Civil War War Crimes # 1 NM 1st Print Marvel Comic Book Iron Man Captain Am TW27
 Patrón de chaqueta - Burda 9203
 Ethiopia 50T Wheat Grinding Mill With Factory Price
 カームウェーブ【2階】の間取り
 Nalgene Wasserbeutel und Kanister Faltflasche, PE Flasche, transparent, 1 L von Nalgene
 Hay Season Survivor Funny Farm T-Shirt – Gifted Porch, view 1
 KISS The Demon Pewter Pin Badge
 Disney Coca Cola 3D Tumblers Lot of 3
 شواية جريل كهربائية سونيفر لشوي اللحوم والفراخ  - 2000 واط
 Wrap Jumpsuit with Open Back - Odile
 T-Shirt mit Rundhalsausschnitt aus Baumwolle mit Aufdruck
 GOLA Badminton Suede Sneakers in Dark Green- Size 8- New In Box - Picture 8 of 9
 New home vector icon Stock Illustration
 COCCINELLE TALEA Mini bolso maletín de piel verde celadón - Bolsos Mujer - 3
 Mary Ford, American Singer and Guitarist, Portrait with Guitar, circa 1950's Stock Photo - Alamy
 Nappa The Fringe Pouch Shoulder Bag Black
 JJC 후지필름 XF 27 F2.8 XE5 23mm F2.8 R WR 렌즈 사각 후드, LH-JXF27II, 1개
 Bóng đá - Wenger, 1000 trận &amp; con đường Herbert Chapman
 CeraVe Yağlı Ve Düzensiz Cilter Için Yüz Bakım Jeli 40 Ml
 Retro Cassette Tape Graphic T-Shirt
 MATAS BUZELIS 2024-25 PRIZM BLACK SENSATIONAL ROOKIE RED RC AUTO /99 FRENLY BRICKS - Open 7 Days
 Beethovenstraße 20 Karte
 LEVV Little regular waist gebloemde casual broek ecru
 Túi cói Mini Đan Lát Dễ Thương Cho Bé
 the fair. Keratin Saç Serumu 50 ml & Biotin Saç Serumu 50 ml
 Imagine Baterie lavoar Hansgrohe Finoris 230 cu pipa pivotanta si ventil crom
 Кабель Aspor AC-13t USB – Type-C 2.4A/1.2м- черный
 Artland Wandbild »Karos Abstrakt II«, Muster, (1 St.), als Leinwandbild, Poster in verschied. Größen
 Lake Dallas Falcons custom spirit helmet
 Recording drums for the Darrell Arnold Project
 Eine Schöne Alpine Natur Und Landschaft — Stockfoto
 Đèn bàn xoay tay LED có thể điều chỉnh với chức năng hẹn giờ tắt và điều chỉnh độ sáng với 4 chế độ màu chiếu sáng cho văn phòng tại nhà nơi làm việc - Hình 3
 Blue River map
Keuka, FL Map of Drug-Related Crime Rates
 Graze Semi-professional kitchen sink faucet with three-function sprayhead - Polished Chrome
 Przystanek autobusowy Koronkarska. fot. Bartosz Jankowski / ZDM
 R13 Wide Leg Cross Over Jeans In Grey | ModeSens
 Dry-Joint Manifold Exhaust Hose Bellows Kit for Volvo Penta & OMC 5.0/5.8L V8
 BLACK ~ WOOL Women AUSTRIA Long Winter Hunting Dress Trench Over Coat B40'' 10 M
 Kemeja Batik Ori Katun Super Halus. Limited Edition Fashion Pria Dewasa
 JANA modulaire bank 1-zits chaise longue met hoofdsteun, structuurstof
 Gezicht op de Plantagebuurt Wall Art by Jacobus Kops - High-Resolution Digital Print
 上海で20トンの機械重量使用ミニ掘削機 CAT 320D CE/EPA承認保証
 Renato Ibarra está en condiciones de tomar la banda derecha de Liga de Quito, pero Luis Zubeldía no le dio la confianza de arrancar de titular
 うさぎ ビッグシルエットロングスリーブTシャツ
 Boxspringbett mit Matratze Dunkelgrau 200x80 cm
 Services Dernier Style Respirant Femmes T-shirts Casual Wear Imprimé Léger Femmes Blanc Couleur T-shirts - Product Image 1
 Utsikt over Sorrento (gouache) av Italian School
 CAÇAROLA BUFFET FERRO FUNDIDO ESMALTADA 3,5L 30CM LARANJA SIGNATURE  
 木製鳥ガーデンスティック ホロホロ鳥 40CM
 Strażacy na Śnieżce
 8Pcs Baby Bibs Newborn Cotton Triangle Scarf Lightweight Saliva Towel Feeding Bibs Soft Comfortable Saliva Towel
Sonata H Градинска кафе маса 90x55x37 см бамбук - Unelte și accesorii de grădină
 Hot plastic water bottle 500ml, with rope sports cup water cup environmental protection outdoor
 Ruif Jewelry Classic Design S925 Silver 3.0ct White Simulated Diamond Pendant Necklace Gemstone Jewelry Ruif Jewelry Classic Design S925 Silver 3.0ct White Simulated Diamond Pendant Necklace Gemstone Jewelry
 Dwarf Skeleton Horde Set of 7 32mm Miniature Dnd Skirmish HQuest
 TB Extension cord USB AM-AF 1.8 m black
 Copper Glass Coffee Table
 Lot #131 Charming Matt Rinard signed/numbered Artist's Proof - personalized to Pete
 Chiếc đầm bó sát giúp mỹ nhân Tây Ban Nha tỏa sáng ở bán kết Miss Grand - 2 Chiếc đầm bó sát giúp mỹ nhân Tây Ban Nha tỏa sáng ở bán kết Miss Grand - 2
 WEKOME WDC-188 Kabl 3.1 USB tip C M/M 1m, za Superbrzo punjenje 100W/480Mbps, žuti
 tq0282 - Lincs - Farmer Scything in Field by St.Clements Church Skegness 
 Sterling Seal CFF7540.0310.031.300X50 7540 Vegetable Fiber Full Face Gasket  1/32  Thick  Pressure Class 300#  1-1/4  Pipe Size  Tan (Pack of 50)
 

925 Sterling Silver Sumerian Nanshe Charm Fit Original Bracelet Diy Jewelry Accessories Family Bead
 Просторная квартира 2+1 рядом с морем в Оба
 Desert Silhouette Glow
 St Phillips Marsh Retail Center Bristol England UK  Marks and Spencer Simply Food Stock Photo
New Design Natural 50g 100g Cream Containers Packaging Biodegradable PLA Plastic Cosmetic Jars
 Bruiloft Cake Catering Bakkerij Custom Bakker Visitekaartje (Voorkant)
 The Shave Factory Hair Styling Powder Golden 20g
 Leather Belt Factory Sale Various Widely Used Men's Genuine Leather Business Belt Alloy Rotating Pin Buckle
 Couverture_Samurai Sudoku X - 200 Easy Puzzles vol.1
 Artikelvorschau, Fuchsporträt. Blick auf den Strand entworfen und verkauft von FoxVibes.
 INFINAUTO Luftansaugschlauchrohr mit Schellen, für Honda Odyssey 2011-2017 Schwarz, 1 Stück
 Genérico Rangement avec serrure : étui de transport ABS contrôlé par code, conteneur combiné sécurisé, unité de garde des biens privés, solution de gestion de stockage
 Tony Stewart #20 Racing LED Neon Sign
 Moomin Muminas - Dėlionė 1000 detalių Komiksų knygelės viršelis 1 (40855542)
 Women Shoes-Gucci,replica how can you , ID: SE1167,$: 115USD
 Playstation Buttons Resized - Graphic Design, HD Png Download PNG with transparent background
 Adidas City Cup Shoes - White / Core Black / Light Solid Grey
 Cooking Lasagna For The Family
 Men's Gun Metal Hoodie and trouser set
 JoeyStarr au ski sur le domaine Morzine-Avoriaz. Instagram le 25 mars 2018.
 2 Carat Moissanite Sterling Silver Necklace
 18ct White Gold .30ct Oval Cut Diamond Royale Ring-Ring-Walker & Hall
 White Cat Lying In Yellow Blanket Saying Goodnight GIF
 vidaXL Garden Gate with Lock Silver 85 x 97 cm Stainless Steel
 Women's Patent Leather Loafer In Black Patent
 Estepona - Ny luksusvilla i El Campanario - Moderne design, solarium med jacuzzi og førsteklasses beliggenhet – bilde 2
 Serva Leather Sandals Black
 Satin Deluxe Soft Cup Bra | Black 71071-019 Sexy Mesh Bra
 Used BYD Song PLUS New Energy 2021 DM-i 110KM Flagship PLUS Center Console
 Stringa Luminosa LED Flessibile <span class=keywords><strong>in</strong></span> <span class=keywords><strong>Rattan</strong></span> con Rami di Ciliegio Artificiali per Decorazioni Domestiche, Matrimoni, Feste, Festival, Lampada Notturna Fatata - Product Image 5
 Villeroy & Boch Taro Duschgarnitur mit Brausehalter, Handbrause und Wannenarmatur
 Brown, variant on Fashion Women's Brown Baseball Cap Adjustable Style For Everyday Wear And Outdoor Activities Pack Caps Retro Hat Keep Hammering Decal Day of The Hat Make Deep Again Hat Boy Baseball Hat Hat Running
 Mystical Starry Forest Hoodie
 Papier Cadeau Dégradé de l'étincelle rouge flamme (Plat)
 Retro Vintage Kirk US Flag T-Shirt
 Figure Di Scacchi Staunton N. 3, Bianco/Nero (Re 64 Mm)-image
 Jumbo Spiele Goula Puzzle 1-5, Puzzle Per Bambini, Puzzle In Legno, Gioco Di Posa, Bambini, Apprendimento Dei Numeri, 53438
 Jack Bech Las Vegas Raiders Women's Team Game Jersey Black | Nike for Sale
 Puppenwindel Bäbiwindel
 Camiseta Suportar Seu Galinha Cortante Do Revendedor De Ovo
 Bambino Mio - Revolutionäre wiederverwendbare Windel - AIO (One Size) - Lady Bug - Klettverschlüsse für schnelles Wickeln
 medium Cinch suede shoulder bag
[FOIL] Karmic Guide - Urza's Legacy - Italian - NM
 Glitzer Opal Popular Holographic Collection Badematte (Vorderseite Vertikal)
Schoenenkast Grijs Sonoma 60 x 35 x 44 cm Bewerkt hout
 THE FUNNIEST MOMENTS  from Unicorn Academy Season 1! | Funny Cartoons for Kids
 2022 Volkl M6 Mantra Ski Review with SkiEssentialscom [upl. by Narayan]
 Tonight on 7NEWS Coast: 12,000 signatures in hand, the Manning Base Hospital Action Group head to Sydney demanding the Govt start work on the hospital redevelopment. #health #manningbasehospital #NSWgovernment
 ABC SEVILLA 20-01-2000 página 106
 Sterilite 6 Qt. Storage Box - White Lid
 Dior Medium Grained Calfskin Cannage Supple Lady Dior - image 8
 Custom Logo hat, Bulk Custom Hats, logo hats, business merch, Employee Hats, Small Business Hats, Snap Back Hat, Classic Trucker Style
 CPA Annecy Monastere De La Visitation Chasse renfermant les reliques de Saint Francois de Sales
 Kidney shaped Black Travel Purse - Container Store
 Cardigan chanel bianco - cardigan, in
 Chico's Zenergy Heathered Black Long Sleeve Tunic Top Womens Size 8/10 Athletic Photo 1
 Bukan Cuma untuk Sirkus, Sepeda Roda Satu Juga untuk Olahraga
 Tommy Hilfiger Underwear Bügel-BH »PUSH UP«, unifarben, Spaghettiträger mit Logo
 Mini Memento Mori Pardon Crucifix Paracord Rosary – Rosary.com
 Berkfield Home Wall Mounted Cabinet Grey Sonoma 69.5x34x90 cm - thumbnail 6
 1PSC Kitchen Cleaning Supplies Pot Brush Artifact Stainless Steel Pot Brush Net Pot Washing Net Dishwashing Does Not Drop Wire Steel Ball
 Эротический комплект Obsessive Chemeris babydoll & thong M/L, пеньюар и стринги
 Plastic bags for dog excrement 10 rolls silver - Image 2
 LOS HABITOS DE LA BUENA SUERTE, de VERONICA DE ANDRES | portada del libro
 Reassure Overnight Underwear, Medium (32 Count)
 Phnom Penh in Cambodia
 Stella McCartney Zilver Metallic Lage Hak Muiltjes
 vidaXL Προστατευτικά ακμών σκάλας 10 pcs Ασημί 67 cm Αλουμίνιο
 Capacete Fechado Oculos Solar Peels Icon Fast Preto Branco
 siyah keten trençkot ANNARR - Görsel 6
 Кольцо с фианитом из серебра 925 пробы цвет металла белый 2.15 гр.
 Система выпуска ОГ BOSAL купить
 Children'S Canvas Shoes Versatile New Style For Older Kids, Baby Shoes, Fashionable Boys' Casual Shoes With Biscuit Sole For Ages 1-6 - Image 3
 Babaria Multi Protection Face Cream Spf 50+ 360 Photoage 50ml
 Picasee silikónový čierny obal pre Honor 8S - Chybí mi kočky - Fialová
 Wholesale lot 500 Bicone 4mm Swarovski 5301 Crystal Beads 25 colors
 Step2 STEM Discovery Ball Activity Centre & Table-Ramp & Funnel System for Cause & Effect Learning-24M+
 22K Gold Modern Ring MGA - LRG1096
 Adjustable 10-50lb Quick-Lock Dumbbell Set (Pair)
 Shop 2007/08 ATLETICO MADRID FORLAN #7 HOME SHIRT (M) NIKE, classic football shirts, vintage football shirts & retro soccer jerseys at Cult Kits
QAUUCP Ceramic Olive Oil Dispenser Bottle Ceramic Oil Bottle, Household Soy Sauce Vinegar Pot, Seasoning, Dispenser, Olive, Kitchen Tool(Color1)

=-=-=-=-=

» DESCRIPTION OF THE TASK: Beginning with the very first line of the material, please return exactly each line down to and including the one with "Nalgene Wasserbeutel und".

» ANSWER FOR THE TASK:
Civil War War Crimes # 1 NM 1st Print Marvel Comic Book Iron Man Captain Am TW27
 Patrón de chaqueta - Burda 9203
 Ethiopia 50T Wheat Grinding Mill With Factory Price
 カームウェーブ【2階】の間取り
 Nalgene Wasserbeutel und Kanister Faltflasche, PE Flasche, transparent, 1 L von Nalgene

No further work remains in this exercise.